Noland flog über den Tisch, sprang jedoch
sofort wieder auf die Füße, die Injektionsspritze noch immer wie
eine Stichwaffe in der Hand.
Nolands plötzliche Verwandlung von einem
umgänglichen Sanitätsoffizier in einen rasenden Irren war für
Bradley ein absolutes Rätsel.
»Was stimmt mit Ihnen nicht, Mann?«
Noland rief noch einmal etwas und ruderte
dann wild mit den Armen, als wollte er seiner Aussage, wie auch
immer sie lauten mochte, besonderen Nachdruck verleihen. Bradley
schüttelte den Kopf.
»Beruhigen Sie sich, Noland! Mein Gott!
Ich …«
Noland wartete jedoch nicht, bis Bradley den
Satz beendet hatte, sondern warf sich ihm wieder entgegen und
fuchtelte mit der Injektionsnadel in der Luft herum, als ob er sich
verzweifelt bemühte, einen tollwütigen Hund abzuwehren.
Bradley fing Nolands Handgelenk auf und
drehte ihn herum, bis er einen Arm um den Hals des Sanitäters
schlingen konnte. Er umklammerte den Unterarm der Hand, in der sich
die Injektionsspritze befand, aber Noland machte keinerlei
Anstalten, seine Absicht aufzugeben.

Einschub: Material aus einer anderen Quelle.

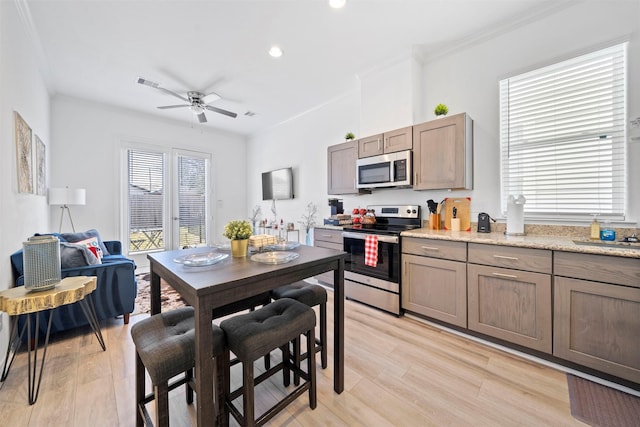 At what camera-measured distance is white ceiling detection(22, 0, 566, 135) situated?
7.16 feet

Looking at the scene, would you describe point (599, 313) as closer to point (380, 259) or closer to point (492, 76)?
point (380, 259)

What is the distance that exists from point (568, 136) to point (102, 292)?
14.6ft

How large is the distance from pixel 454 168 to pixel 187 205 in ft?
16.1

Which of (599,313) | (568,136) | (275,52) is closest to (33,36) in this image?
(275,52)

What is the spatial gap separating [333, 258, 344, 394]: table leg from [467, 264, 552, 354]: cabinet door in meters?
1.27

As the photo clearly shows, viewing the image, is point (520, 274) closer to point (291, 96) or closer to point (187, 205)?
point (291, 96)

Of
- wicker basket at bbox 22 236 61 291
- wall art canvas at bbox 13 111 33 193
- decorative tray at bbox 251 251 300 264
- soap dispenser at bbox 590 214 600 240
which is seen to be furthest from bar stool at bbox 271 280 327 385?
wall art canvas at bbox 13 111 33 193

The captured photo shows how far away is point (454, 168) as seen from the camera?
98.3 inches

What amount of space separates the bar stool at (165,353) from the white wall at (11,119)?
57.9 inches

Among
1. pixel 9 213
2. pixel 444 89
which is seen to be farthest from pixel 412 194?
pixel 9 213

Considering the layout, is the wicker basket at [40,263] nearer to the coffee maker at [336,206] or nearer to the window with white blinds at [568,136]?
the coffee maker at [336,206]

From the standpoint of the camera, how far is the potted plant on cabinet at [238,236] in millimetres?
1510

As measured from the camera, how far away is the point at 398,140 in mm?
2887

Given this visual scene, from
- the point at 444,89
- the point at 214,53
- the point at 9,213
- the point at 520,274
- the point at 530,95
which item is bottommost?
the point at 520,274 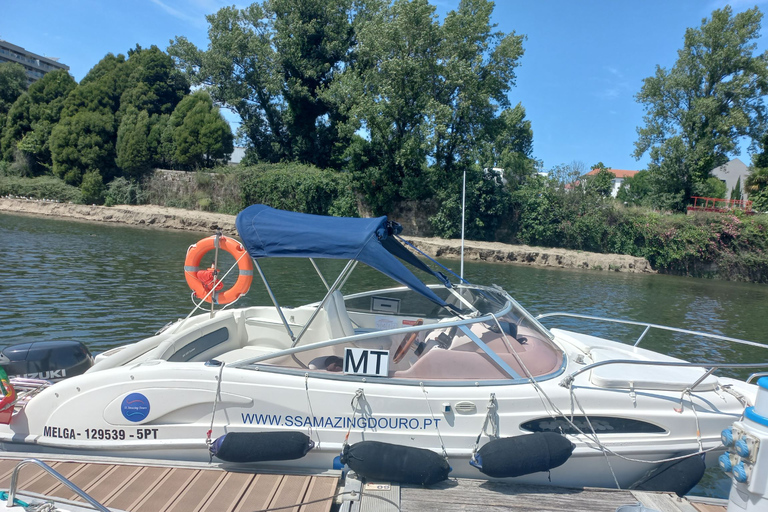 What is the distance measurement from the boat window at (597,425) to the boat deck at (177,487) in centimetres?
184

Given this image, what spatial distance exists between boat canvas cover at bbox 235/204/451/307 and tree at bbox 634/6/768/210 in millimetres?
33885

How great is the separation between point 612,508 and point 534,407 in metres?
0.94

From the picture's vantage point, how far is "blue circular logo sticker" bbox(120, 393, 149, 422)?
172 inches

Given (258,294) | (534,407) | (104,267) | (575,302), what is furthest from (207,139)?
(534,407)

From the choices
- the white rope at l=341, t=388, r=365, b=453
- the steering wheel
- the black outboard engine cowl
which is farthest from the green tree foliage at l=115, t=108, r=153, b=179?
the white rope at l=341, t=388, r=365, b=453

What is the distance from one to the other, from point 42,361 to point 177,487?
236cm

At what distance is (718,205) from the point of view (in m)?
32.3

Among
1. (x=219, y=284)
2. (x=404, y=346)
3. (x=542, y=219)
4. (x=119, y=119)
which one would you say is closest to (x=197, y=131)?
(x=119, y=119)

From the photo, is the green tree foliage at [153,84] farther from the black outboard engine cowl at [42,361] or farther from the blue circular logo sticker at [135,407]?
the blue circular logo sticker at [135,407]

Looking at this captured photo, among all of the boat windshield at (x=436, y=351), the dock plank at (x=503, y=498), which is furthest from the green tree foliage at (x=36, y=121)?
the dock plank at (x=503, y=498)

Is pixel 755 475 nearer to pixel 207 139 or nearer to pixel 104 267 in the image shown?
pixel 104 267

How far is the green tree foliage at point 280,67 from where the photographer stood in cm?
3319

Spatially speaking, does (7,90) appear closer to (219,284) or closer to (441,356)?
(219,284)

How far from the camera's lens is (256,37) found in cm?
3441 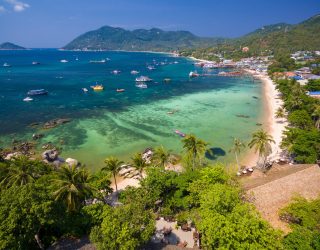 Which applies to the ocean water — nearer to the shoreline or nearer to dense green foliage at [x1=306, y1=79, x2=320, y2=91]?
the shoreline

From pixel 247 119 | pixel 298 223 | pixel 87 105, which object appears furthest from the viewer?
pixel 87 105

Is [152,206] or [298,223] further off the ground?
[298,223]

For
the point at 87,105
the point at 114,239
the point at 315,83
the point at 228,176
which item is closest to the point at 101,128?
the point at 87,105

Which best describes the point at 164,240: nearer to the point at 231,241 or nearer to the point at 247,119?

Bradley müsste ihm
wahrscheinlich das Handgelenk brechen, damit er die Spritze fallen
ließ.
Stattdessen übte er auf Nolands Hals
seitlich höheren Druck aus, bis der Matrose kraftlos
zusammensackte. Bradley bettete ihn auf den Boden und machte sich
auf die Suche nach jemandem, der ihm helfen könnte, Noland sicher
unter Kontrolle zu bringen, ehe er aus seiner Ohnmacht wieder
aufwachte.
Als er auf den Korridor hinaustrat, fand er
dort nicht nur keine Unterstützung, sondern musste glauben, in
einem Irrenhaus gelandet zu sein.
In beiden Richtungen waren Matrosen zu
sehen, die mit einer Intensität gegeneinander kämpften, wie man sie
nur im Käfigring der Ultimate Fighting Championship beobachten
konnte.
Doch viele der Duellanten erschienen, als
wären sie vor Angst vollständig von Sinnen. Zwei Männer lagen
ineinander verkrallt auf dem Boden und weinten haltlos. Einer
wanderte wie in Trance durch den Flur. Ein anderer hämmerte seinen
Kopf so heftig gegen eine Lukentür, dass die Haut auf seiner Stirn
aufplatzte und Blut über sein Gesicht strömte.
Trotz seines intensiven Trainings, das ihn
auf nahezu jede Ausnahmesituation vorbereitet hatte, erstarrte
Bradley, da er auf Anhieb nicht wusste, was er jetzt tun sollte.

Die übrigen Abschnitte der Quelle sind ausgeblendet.